WORK REQUEST: Identify every line in the records below that contains the word "modern", and copy each of those lines.

INPUT RECORDS:
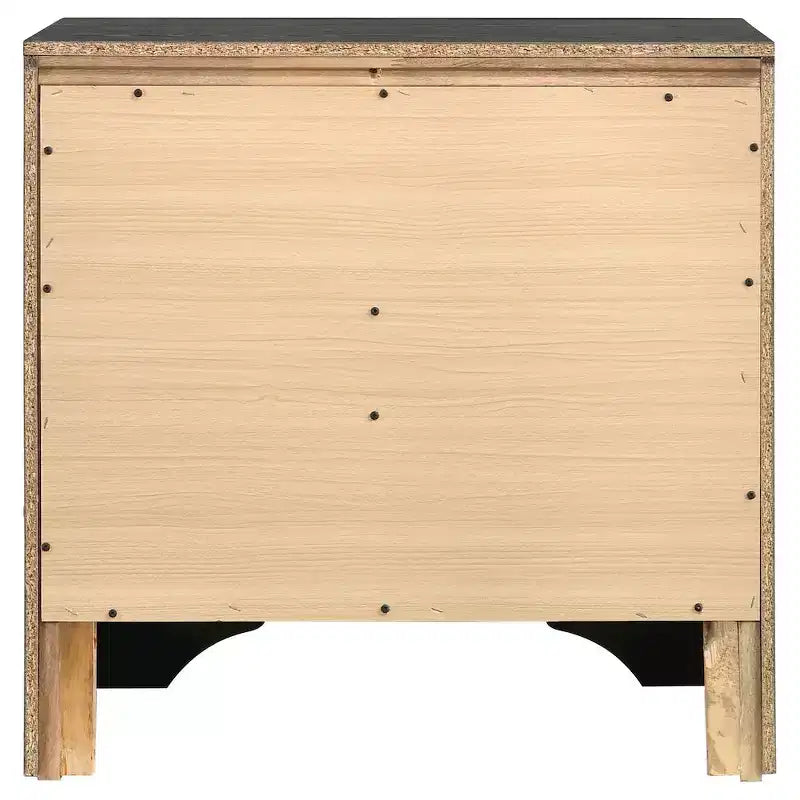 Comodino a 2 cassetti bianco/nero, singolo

--

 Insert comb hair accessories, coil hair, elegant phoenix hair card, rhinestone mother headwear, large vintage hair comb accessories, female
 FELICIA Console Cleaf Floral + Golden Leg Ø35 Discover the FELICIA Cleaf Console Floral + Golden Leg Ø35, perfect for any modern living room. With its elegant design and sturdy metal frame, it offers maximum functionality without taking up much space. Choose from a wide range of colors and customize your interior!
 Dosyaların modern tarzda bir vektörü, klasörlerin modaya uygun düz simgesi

--

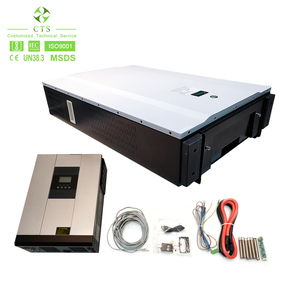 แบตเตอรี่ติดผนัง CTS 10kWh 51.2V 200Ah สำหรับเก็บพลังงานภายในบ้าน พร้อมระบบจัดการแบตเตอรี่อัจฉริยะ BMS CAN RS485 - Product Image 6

RESPONSE TO THE EXERCISE:
 FELICIA Console Cleaf Floral + Golden Leg Ø35 Discover the FELICIA Cleaf Console Floral + Golden Leg Ø35, perfect for any modern living room. With its elegant design and sturdy metal frame, it offers maximum functionality without taking up much space. Choose from a wide range of colors and customize your interior!
 Dosyaların modern tarzda bir vektörü, klasörlerin modaya uygun düz simgesi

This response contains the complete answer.